Heartbreak In Cyberspace

5 minute read
Sophfronia Scott Gregory

Have a seat. Switch on the computer. Dial into a network. Type in a password. And welcome to the world of the WELL — the Whole Earth ‘Lectronic Link. Romance may be just a few keystrokes or the click of a mouse away. The California-based electronic bulletin board is one of the many new cybersocieties where men and women can meet and message each other in a network less smoky than a singles bar, less nerve-racking than a blind date. There are no worries about appearances. No flesh. No sweat. Utopia? No way. Romance gone awry has gummed up even this most sophisticated of social circuits.

Meet Lisa, Nancy and Beth (not their real names). In January, Lisa, 42, made contact with a man by way of the electronic bulletin board. Entranced with his terminal manner, Lisa allowed their e-mail relationship to progress to “voice-level” — that is, they called each other and soon were satisfying < their mutual lust in steamy phone sex that sometimes lasted up to four hours.

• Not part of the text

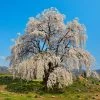 Weeping Yoshino Cherry Tree -Garden-Plants Weeping Yoshino Cherry 600x600 a651f7d0 537b 4dfb 8619 ebabb2d54c44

The bills were huge. He lived on the East Coast, she on the West. Lisa thought she was in love, and she believed he felt the same way.

Nancy, 31, met her man electronically in May and began a near daily phone relationship that she found so satisfying it drove her to distraction. He made her believe she was the only one he was so intimate with, and he soon had her complete trust.

Beth, 38, also logged on to an intimate relationship with a WELL man. They communicated regularly, and he made her feel unique and special. Describing herself as “no naive young thing,” Beth nevertheless says, “when someone tells you what you need to hear, you begin to wonder if some kind of magic has happened.”

Lisa was so enthralled with her bulletin-board lover that she decided to move on to what WELL users call an F2F — a face-to-face. She agreed to split the cost of a plane ticket to fly her telephonic paramour to the West Coast. “We had a great weekend,” she says, “including fabulous sex.” But afterwards her lover turned cold, and the e-mail correspondence dissolved. A heartbroken Lisa grieved on a section of the network called WOW (Women on the WELL) — where no men are allowed. And that is how she met Beth and Nancy and discovered that they had all been involved with the same man. Let’s call him Mr. X.

The incensed women decided to go public on the general WELL — if only to keep others from falling into Mr. X’s trap. What ensued became “Topic 1290: Do You Know This Cyber-Scam-Artist?,” publicly exposing Mr. X to the WELL’s 8,000 members (among them, a high concentration of writers, journalists, musicians and Grateful Deadheads) and sparking a network-wide debate on the spoken and unspoken rules of electronic etiquette. Supporters of Lisa, Beth and Nancy sent their messages flying. “E-mail is the last refuge of a scoundrel,” said one. But there were plenty of opponents of the “outing” of Mr. X. “I haven’t seen anything posted here that suggests he did anything evil,” said a veteran WELL user. “The ugliness here smacks of a lynch mob out for good old-fashioned vengeance.”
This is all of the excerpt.